The deal will likely be announced after the markets close on Monday or early on Tuesday, three people with knowledge of the development told Bloomberg News.
The sale amount would set a record for F-35s but would more than meet the Pentagon's years-long effort to drive down the cost per plane to $80 million. A $34 billion price tag would value each plane at $71 million.
The planes would go to both the U.S. and allies.
"It's a big positive for the company," Bloomberg Intelligence analyst Douglas Rothacker told the news service. "It's a huge show of support from the government that they're going to extend a contract of this size for their most important weapons program."

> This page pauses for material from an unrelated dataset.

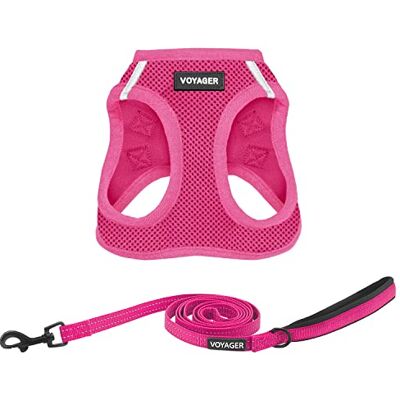 Best Pet Supplies Voyager Step-in Air, Allwetter-Mesh-Geschirr und reflektierender Hund, 1,52 m, Kombination mit Neopren-Griff, für kleine, mittelgroße und große Welpen von – Set Best Pet Supplies Voyager Step-in Air, Allwetter-Mesh-Geschirr und reflektierender Hund, 1,52 m, Kombination mit Neopren-Griff, für kleine, mittelgroße und große Welpen von – Set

Morningstar analyst Keith Schoonmaker wrote in a report last week that "Lockheed's incumbent position, divestment of noncore businesses, and headcount reductions have enabled it to weather the [last] downturn in defense spending."
"The company has capitalized off a rebound in defense spending under the Trump administration, and we project at least 5% year-over-year growth in 2019 and 2020," he said.
Schoonmaker expects defense spending to continue rising. And "wide-moat Lockheed is well-positioned to capture this up cycle," he said, pegging Lockheed's fair value at $385.
He rates the stock three stars on a scale of five, which indicates it's fairly valued.
Lockheed Martin shares at last check traded at $372.30, up 0.4%, on a day the S&P 500 was up 0.65%.